Thursday, February 17, 2011

Barely Survived

I've been so busy I forgot to say a word or two about Weston on Tuesday night. My routine for the past several weeks has been to bike and ski myself into the ground over the weekend, "recover" on Monday by running, then bring only ski stuff to work on Tuesday. I have no choice but to ski if I'm to get in any workout at all. This Tuesday, Weston was in a state I tend to avoid - smattering of loose granular over frozen granular.

I brought my new skis. I thoroughly saturated them with Toko base prep, then finished with Toko HF blue since the temp was expected to drop below 20 by the end of the night. I first went out on my rock skis, which I quickly slapped on a layer of cheap Fastwax fluoro. The conditions were frightenly fast. My rock skis have completely rounded over edges. I could barely keep them under me. Particularly scary was coming over the whoops at 20+ mph, momentarily experiencing zero gravity, then landing on polished frozen granular. My legs just wanted to squirt right out from under me. No way was I going to race on this. BrettR and JodyD where wise. They stayed away.

After two laps around the 3.2km course, I brought out my new World Cups. Down the hill by the clubhouse, I nearly face planted. They were butt slow! WTF. I know new skis take a few ski/wax cycles to reach maximum glide, but this was awful. I bet they were at least 20% slower than my rock skis with cheaper wax for similar temp range. The WC's handled superbly though. I could actually edge on the crud. The new WC's also have a little softer flex in the tips, making them handle quite differently all together. I skied one lap with them, actually getting my heartrate up due to the increased friction, before putting them back in the bag. More wax work was needed.

Back on my rock skis, pre-race instruction was being given out. Man there were a lot of people there for sketchy conditions. No way was I doing it. Nope. Not thinking about it. But when everybody took off to staging, I figured what the heck. What's the worst that could happen, a little ice rash? By now the first 10 rows were filled and I wedged myself in about 10-12 rows back.

We go off.

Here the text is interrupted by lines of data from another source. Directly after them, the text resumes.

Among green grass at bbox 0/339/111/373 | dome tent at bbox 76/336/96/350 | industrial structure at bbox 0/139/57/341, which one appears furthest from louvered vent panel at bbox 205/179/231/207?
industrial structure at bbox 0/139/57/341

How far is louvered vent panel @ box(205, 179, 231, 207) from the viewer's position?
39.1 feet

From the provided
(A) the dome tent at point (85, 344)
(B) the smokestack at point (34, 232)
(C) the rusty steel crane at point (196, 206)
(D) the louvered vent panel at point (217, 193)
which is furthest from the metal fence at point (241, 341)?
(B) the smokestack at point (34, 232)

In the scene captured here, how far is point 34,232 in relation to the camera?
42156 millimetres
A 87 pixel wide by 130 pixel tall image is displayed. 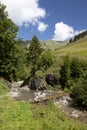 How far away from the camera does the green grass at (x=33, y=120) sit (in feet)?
63.7

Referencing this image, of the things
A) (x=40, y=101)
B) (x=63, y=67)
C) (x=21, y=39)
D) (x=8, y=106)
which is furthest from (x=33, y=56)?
(x=8, y=106)

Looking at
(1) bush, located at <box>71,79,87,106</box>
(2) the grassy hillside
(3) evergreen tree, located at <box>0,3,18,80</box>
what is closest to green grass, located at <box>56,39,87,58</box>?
(2) the grassy hillside

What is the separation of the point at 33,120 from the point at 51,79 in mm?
21510

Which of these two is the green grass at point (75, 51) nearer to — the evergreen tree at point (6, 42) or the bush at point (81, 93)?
the evergreen tree at point (6, 42)

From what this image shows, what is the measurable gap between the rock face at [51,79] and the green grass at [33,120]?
16419 mm

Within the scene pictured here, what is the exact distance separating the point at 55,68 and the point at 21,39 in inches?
361

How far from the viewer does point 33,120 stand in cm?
2111

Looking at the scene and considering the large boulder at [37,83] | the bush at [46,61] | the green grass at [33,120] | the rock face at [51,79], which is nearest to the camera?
the green grass at [33,120]

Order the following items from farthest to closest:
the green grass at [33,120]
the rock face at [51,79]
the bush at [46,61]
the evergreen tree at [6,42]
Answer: the bush at [46,61], the evergreen tree at [6,42], the rock face at [51,79], the green grass at [33,120]

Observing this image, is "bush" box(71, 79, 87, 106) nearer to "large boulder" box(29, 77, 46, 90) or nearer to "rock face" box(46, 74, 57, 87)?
"rock face" box(46, 74, 57, 87)

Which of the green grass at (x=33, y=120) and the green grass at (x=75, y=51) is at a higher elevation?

Things seemed way sketchier buried in the middle of the pack. At least 50 skiers were ahead of me. I could not even see the front. Heading out on the flats, I pretty much coasted along, maybe a little double poling here and there. There was nowhere to go. I was stuck behind a huge plug. I would coast up on ski tails on the descents.

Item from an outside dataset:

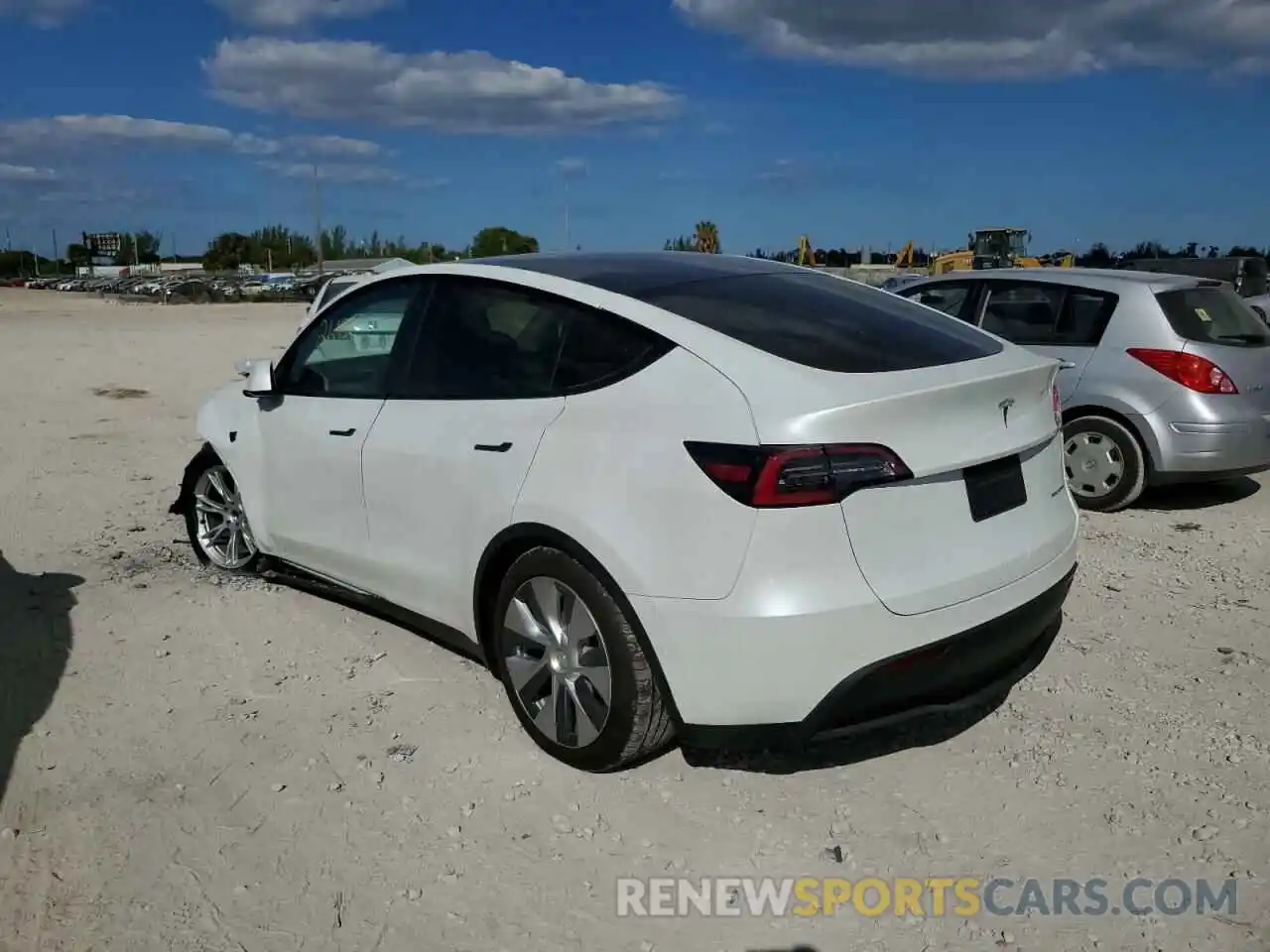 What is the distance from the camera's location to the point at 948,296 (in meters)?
7.99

It wasn't until coming around the last barrel in the first lap when skiers piled up, that I broke free of traffic. I think I finally had to open my mouth to breathe going over Mt Weston beginning the second lap. Now I was getting a workout, periodically passing 1-3 skiers at a time. My skis offered no edge. I relied heavily on poling and skid turns around the 180's.

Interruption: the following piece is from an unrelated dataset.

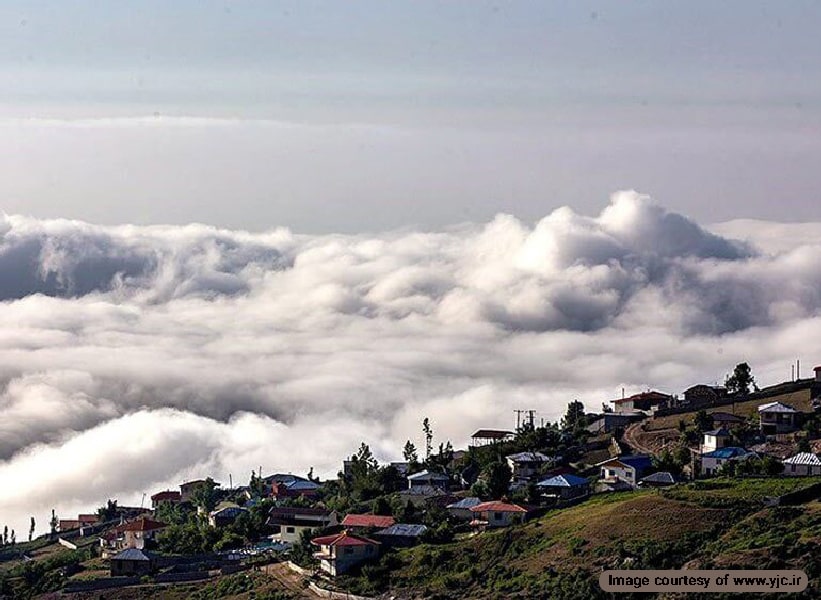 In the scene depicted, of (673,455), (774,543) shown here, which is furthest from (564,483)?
(774,543)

I passed upwards of 25 skiers before crossing the finish in 27/89 place. 17:29 for 6.4km is almost certainly my fastest ski there despite being held back for half the race. Amazingly, I even stayed upright. The whoops at race speed totally sketched me out. It was hard to keep skis on the deck with such speed. I skied about 28km in just over 1.5hrs, nine full laps of the course for the evening.